Sunday, May 07, 2006

I Don't Know Where to Begin

This story has me so angry. The principal and the students at this school need a lesson on religious tolerance and true Christianity.

A battle over religious expression in school turned into an expensive hat-shopping trip Friday for Brad Seelig and his father.
Brad has missed a week of classes at Green Hope High School in Cary (North Carolina) for refusing to remove his baseball cap, which he wears over his yarmulke, a traditional Jewish head covering.
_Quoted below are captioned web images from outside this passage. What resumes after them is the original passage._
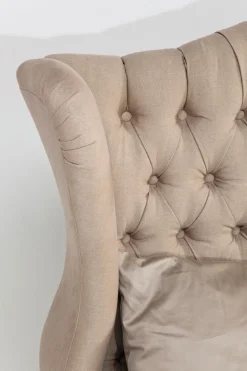 Bett City Spirit Linen Natural 160x200cm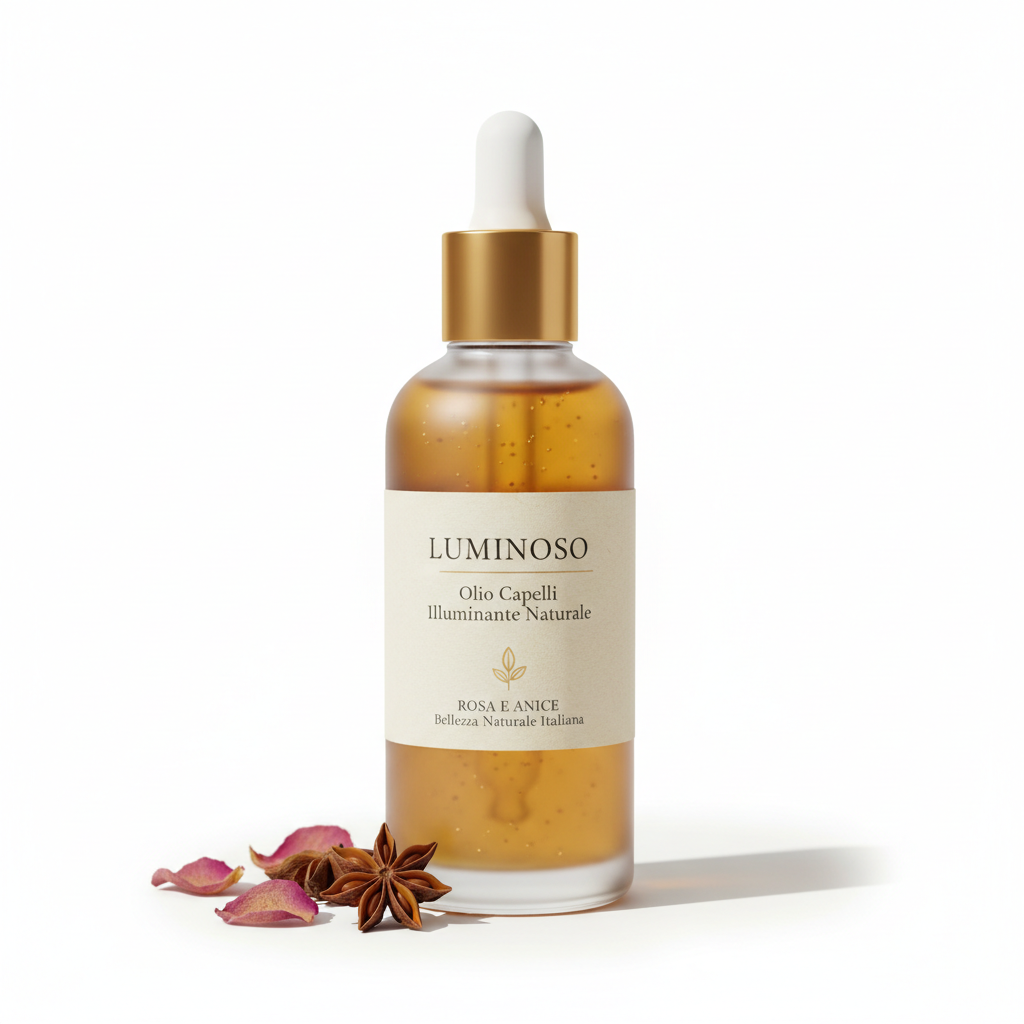 Olio Capelli Illuminante – Pura Vanità
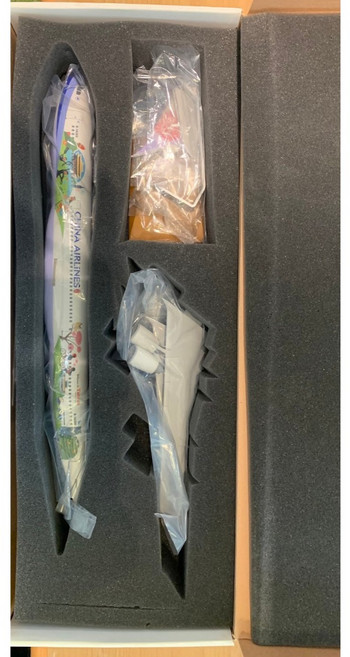 CHINA AIRLINES A330-300 飛機模型, 1個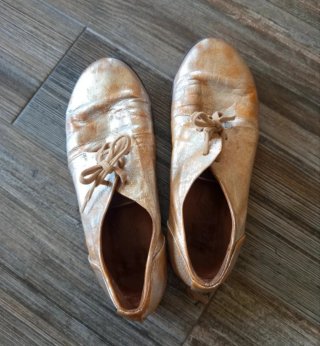 Zapatos Argila Mujer Dorado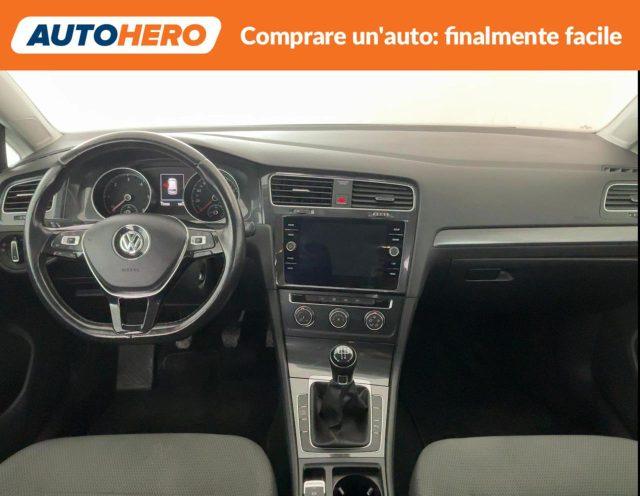 VOLKSWAGEN Golf Variant 1.6 TDI 115 CV Business BlueMotion Technology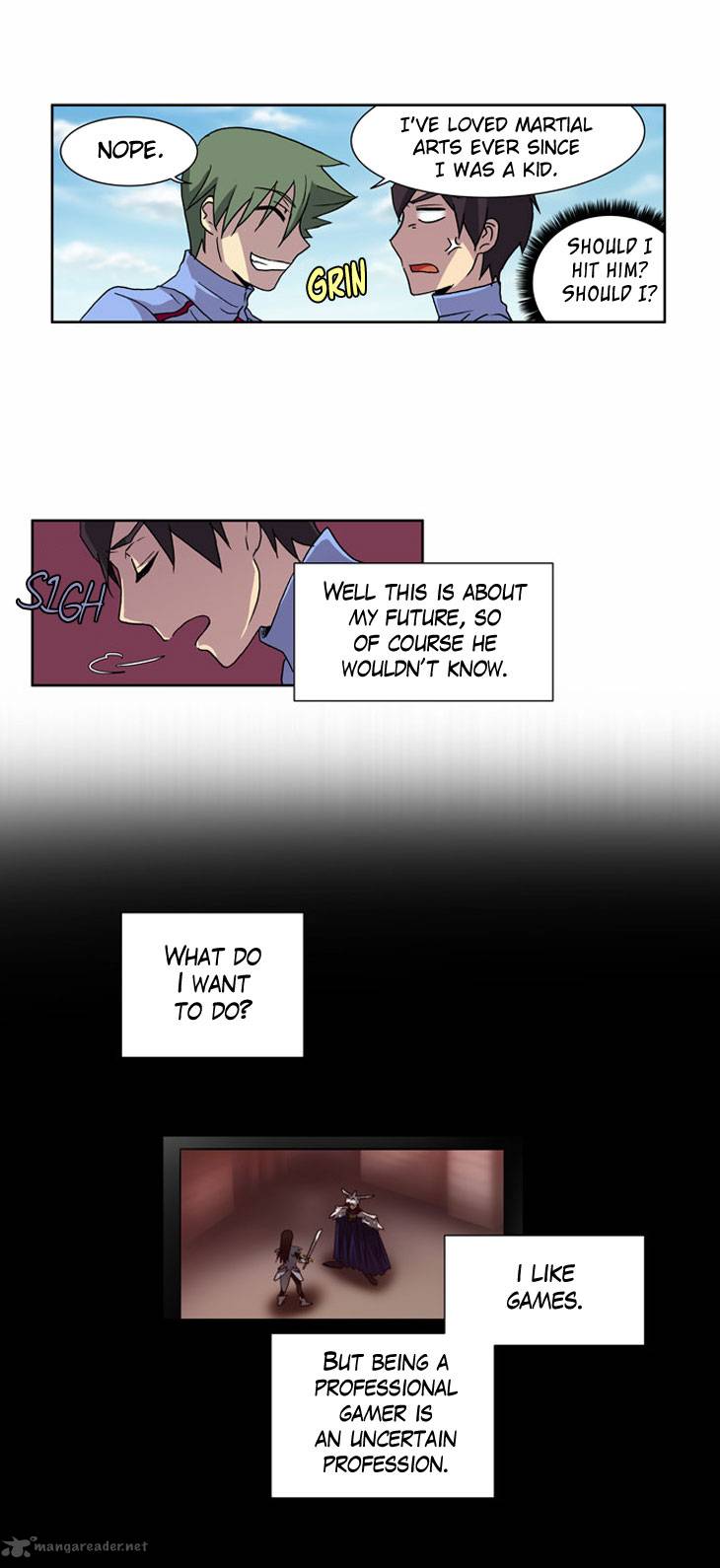 Read THE GAMER Manga Online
He's worried about anti-Semitism if his yarmulke is visible at school.
As a compromise, the Seeligs visited 13 stores at two shopping malls Friday to spend $100 for three hats that might be acceptable to school officials.
Paul Seelig, Brad's dad, said Green Hope Principal James Hedrick told him Friday that Brad can wear whichever of the three caps he wants Monday.
"We're being very sensitive of the religious nuances of the circumstances while maintaining discipline at the school," said Michael Evans, a Wake County school district spokesman.
While school officials hailed it as a win-win situation, the Seeligs were fuming over the fight.
"He's missing school and time being instructed to go shopping for a hat," said Paul Seelig. "It's silly."
The episode highlights the tension over respecting both religious expression and authority.
Questions of tolerance
Paul Seelig said Brad, 16, a sophomore, had been going through tough times until he rediscovered his religion last fall. This prompted Brad to wear a yarmulke to class in October. But on that day, Brad said, Assistant Principal Scott Brouthers questioned him about the yarmulke and told him "he needed Jesus in his life."
Yarmulkes are worn by Jews to cover their head in prayer as a sign of respect to God.
Not wanting to stand out, Brad said he chose to wear a baseball cap, with his name emblazoned on it, over the yarmulke. Even though Brad said he explained to Brouthers that he was wearing the cap for religious reasons, he said the assistant principal would daily tell him to take off the cap. At least twice more, Brad said, Brouthers spoke to him about needing Jesus.
Wake school district policy prohibits students from wearing head coverings of any kind. But the policy says schools should make "reasonable accommodations on the basis of students' religious beliefs or medical conditions."
Brad said any thought of even having the yarmulke visible again ended after classmates, who learned he was Jewish, told him he was going to hell.
Paul Seelig said the situation reached a climax April 28 when he received a call from Brouthers telling him he was suspending Brad for wearing the cap. Brad was allowed to return to school Monday, but he received an in-school suspension. He wasn't allowed to attend his classes until he removed the cap.
"It's not right for them not to allow me to practice my religion, but they'll let anyone else practice their religion," Brad said.
Hedrick and Brouthers referred all questions to Evans.
Evans said school officials also are investigating the Seeligs' complaint that Brouthers violated the district's code of ethics and standards of conduct. Evans said he couldn't discuss it further because it is a personnel matter.